| Exercise description |
Write out again, exactly as they stand, the line that includes "Image of 2018" and all remaining lines of the entries.

Dataset items:
══════════

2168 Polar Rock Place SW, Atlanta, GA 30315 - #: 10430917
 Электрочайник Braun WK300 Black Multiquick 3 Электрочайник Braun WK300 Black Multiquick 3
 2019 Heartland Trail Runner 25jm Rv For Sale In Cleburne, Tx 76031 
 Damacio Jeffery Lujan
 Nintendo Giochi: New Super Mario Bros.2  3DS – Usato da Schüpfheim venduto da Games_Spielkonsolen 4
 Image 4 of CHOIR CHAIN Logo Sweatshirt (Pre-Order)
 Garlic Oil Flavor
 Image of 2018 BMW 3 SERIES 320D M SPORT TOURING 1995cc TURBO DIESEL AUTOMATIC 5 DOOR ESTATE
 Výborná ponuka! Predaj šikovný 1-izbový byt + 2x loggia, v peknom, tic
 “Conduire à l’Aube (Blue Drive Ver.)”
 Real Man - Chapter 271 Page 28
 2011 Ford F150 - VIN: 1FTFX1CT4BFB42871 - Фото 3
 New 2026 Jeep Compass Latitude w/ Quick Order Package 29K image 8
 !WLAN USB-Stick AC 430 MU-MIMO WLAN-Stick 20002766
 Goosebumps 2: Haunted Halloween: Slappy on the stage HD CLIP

══════════

| Result of the task |
 Image of 2018 BMW 3 SERIES 320D M SPORT TOURING 1995cc TURBO DIESEL AUTOMATIC 5 DOOR ESTATE
 Výborná ponuka! Predaj šikovný 1-izbový byt + 2x loggia, v peknom, tic
 “Conduire à l’Aube (Blue Drive Ver.)”
 Real Man - Chapter 271 Page 28
 2011 Ford F150 - VIN: 1FTFX1CT4BFB42871 - Фото 3
 New 2026 Jeep Compass Latitude w/ Quick Order Package 29K image 8
 !WLAN USB-Stick AC 430 MU-MIMO WLAN-Stick 20002766
 Goosebumps 2: Haunted Halloween: Slappy on the stage HD CLIP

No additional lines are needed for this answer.